Dec 27 '11 Hardware & Networks, Purchasing, Software Comments Off

This is the third of a four part series on how to get the best tech for your needs at the best price. If you haven’t already, you might want to read Part 1- Figure Out What You Need or Part 2 -Find the Best Items for Your Needs .

Part 3 – Find the Best Price from a Source You Can Trust
Once you’ve decided what you need, the next step is to figure out where to buy it. But how do you find the best price? And how do you find a vendor you can trust? This post will give you some ideas on how to do both and some resources to get you started.

The process for gettign the best price frrom a vendor you can trust

Finding the Best Price
There are many price comparison sites available, and you can now even search directly for products from most major search engines. Check our resources page for links.  Here are some suggestions to make sure you get the best price:

  • Use more than one search tool: Different methods will search a different set of vendors. This is especially important if you’re searching for older or more obscure products.
  • Sort by lowest total price for new items: Often the results aren’t sorted by price. Sometimes used  items are included in the results. Be careful of prices that seem too good to be true, though. They usually are! See below for more hints.
  • Don’t forget shipping and tax: Many sites offer free shipping (often with a minimum purchase) and taxes, of course, will vary based on where you purchase.
  • Search for specific models, not for product names: There are often many slightly different models of the same product, especially for things like laptops.

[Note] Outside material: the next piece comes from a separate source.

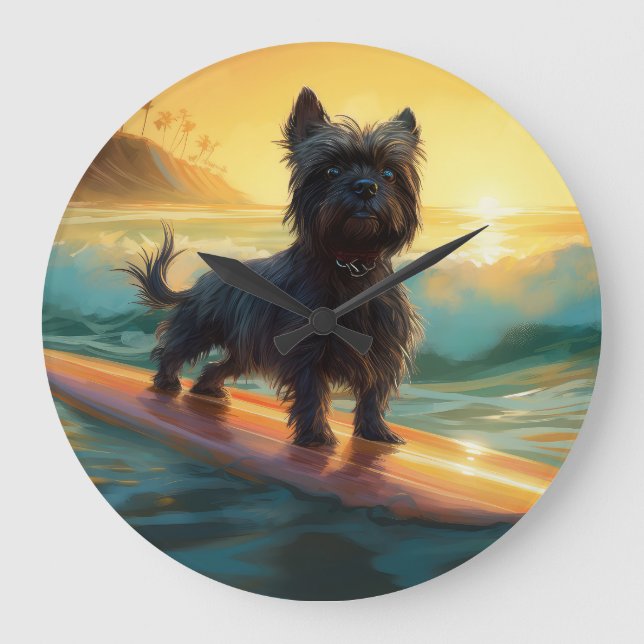 Relógio Grande Affenpinscher Beach Surfing Painting (Frente)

You want to compare prices for exactly the same model.
  • Make sure that the product is the same one you searched for: Often when you go from your search results to the vendor’s product page you will find it’s for  a different product. Verify before purchasing!
  • Be sure that everything included: To undercut prices, some disreputable vendors will remove accessories that are supposed to come with an item and try to sell them to you at additional cost. Do you really want to buy a digital camera without a battery?
  • Make sure that the item has a full warranty: Sometimes the cheapest prices are for “gray market” or imported items that don’t come with the full manufacturer’s warranty, but are warrantied only directly through the vendor. Look  for terms like “Authorized Dealer”, “US Warranty” or “Full Manufacturer’s Warranty” to make sure you’re covered.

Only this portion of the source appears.